«Con amor eterno te amo, por eso te mantengo mi gracia» (Jer 31, 3).
Dios nos amó primero, antes de que llegáramos a la existencia y, por tanto, antes de que pudiéramos amarlo. Nos ama porque nos ama, sin razones. Su amor de Padre no está en función de nuestros méritos. Es gratuito. Es incondicional. Nos somos hijos por habernos portado bien. Somos hijos porque Él nos ha querido y creado. Y podemos ser hijos de un modo muy especial, otros Cristos, seres humanos divinizados, miembros de la familia divina, porque Jesucristo dio la vida por nosotros antes de que viniéramos a este mundo, demostrándonos así cuánto nos quiere.
«Nadie tiene amor más grande que el de dar uno la vida por sus amigos» (Jn 15, 13).
Un padre o una madre quieren a su hijo porque es su hijo. Y si es un malvado, lo siguen queriendo, porque es su hijo.
Mis obras buenas, realizadas con su gracia, son el modo de corresponder al amor creador y redentor de Dios. Pero si le ofendo, no deja de quererme. ¡No deja de quererme! ¡No deja de quererme! Hay que repetirlo mil veces, si es preciso. ¡No deja de querer al hijo pecador! Y porque me quiere, me busca, me llama, me concede la gracia del arrepentimiento, me perdona, me levanta del fango, me lava, me abraza, me llena de besos, me viste con un traje nuevo y hace fiesta porque me ha recuperado.
Nunca hay motivo para desconfiar de Dios.

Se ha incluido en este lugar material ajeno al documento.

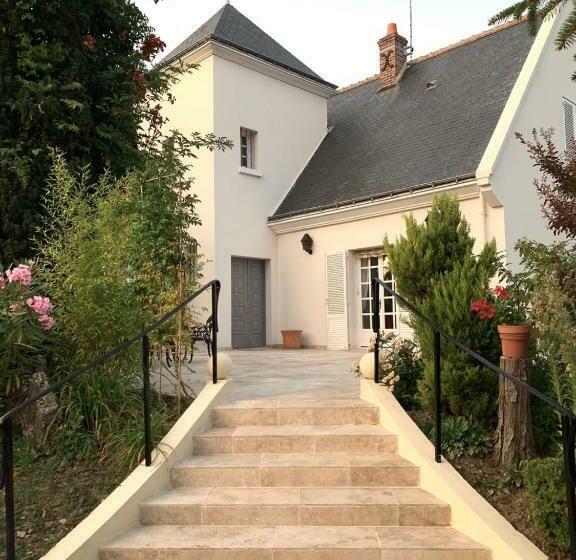 Bed and Breakfast La Tour De Saint Cyr
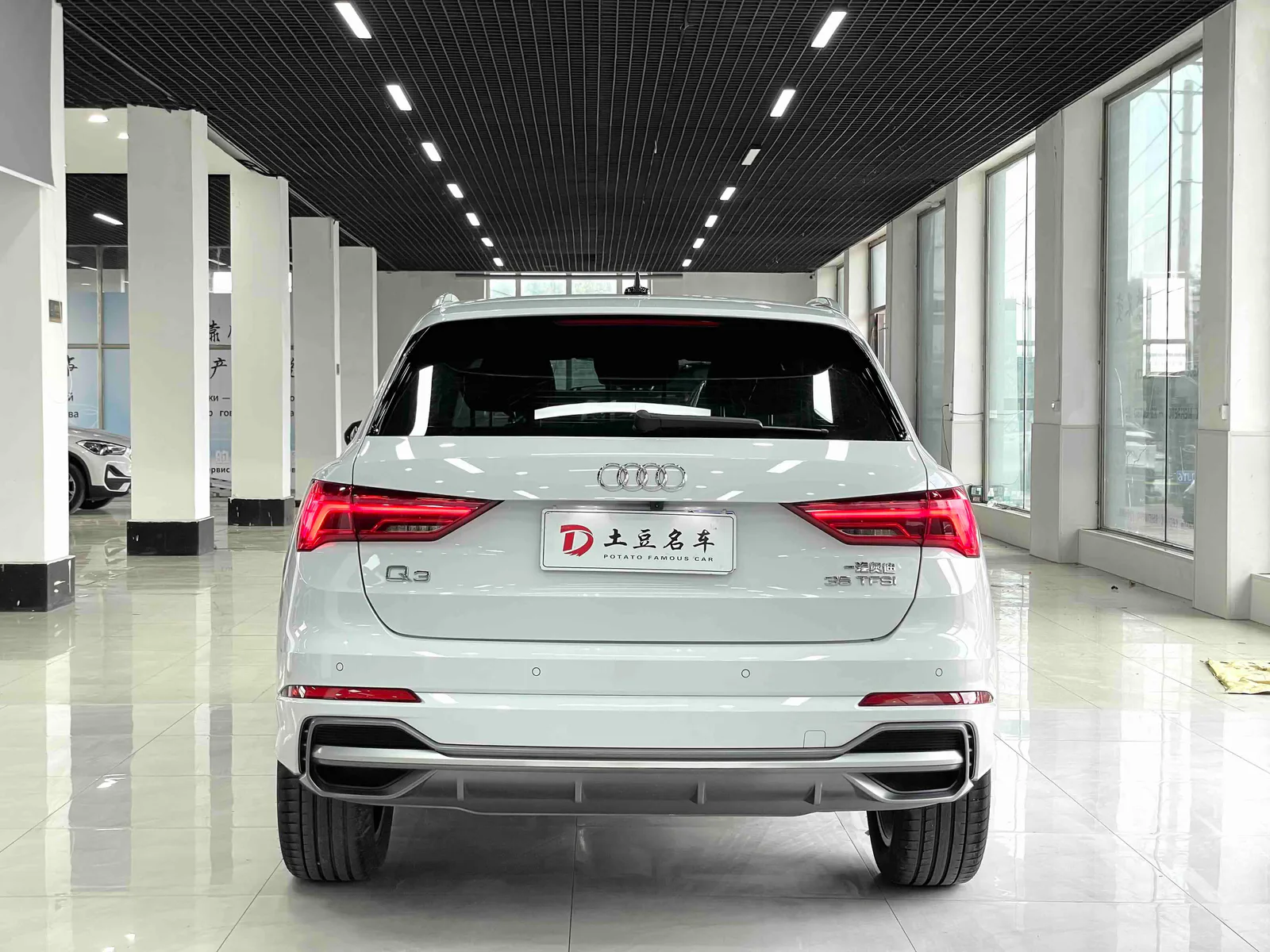 Audi Q3 2022 — photo 15 of 20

Dios me quiere así, “sin razones”, para que también yo pueda querer a los demás “sin razones”. Por eso, cuando comprendemos cómo nos quiere Dios, aprendemos a querer de verdad a nuestros hermanos. No tenemos en cuenta si nos caen bien o mal, si están de acuerdo con nuestras ideas o no, si pertenecen a nuestra cultura o a otra, si son ricos o pobres, cultos o incultos… Queremos a los demás “sin razones”, sin condiciones, como nosotros somos queridos por Dios.
Del libro «Dios te quiere, y tú no lo sabes» de Tomás Trigo (cap. 10)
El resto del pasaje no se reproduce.